What the exercise asks:
Print the lines below from the line with "XCTRL 鬆緊刷舊水洗牛仔寬褲-水洗藍" to the line with "2018 Topps Heritage" exactly, keeping both ends, and print no pictures.

Given records:
━━━

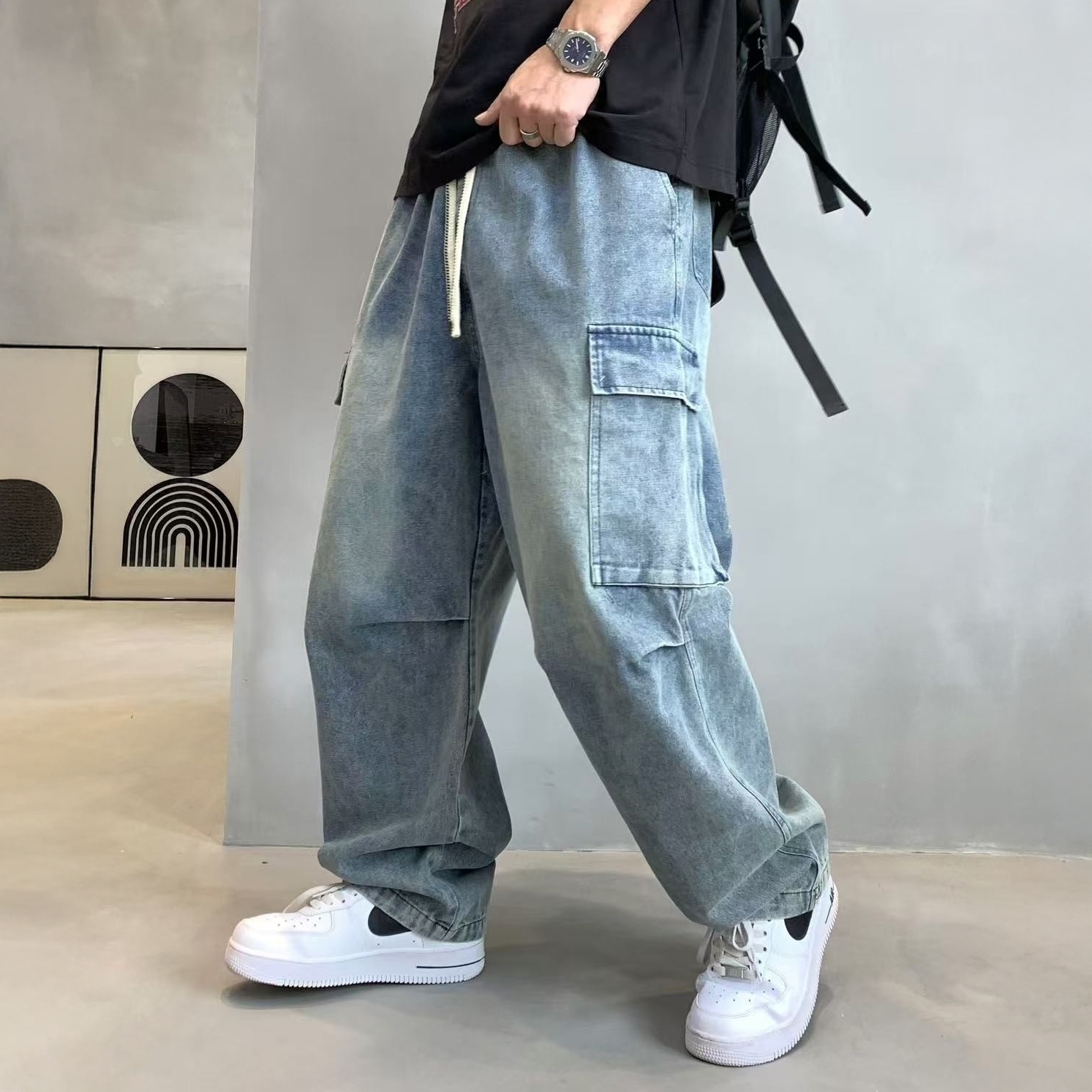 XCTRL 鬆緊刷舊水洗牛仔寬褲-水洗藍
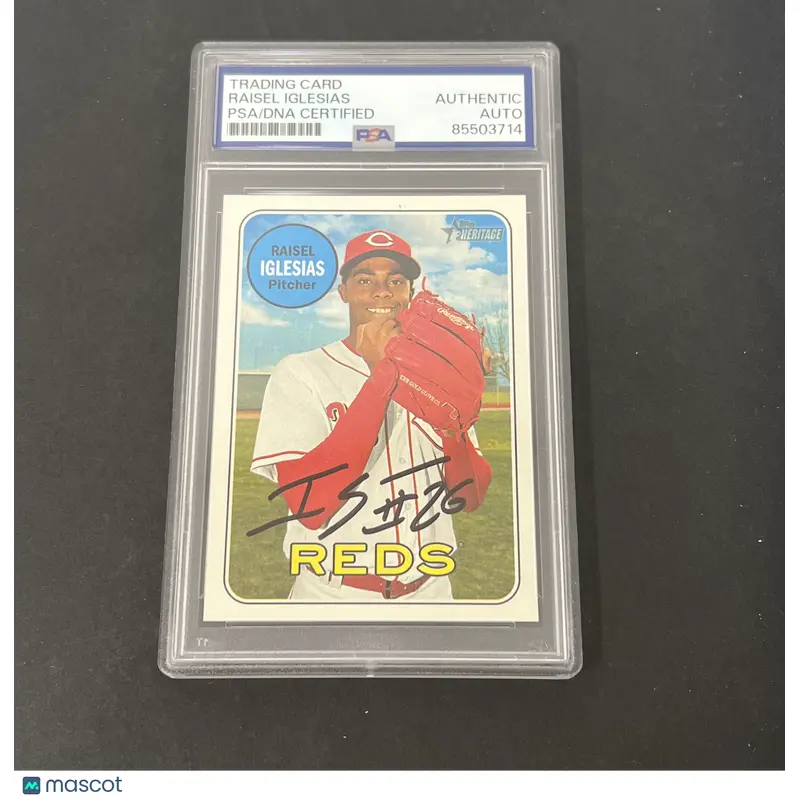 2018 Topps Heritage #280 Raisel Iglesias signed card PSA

━━━

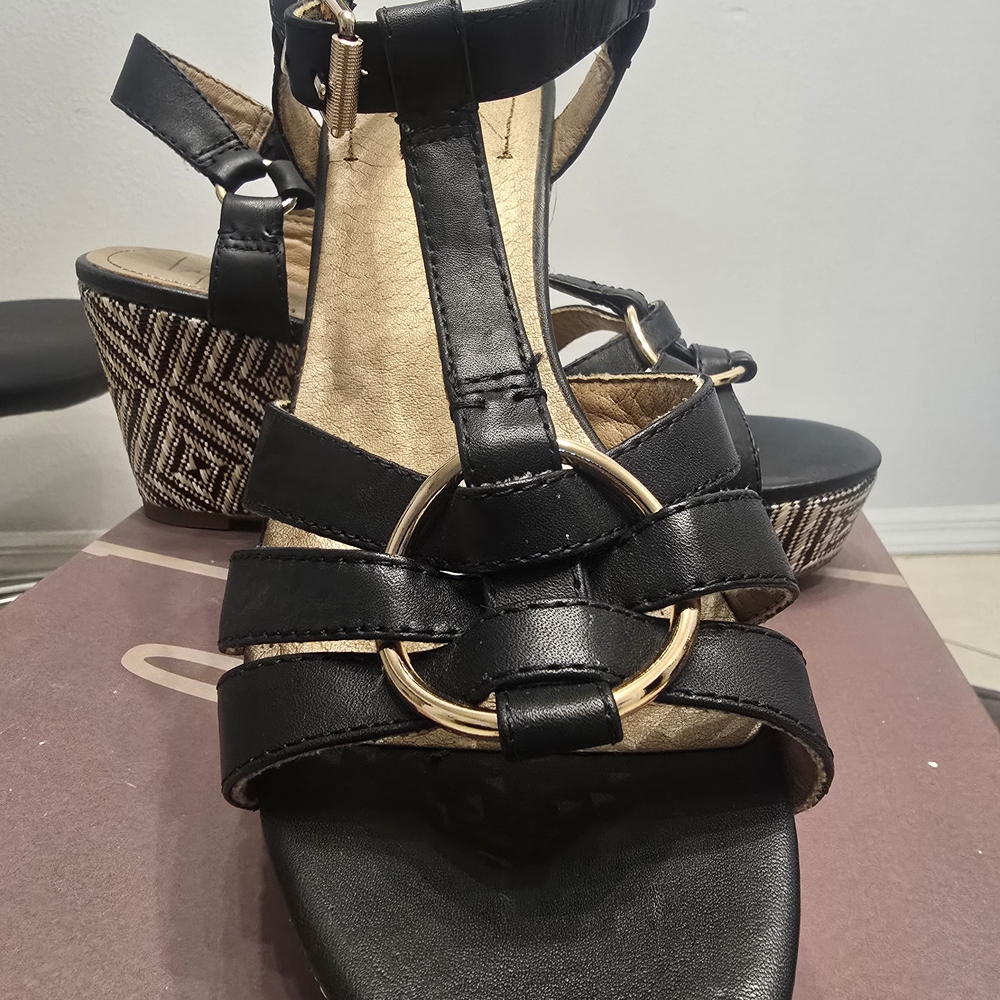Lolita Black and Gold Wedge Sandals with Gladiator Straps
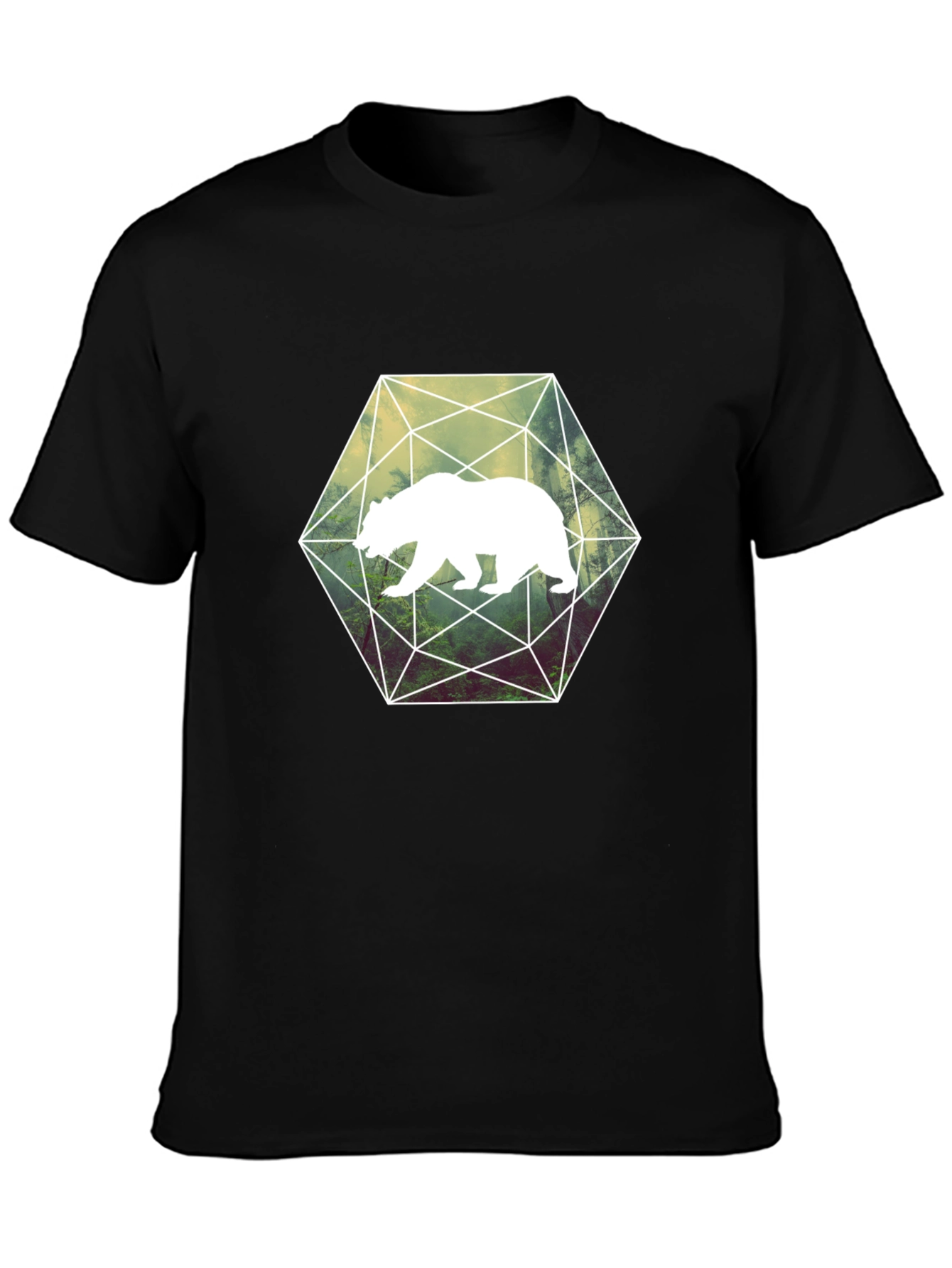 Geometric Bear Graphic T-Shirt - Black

━━━

Answer section:
 XCTRL 鬆緊刷舊水洗牛仔寬褲-水洗藍
 2018 Topps Heritage #280 Raisel Iglesias signed card PSA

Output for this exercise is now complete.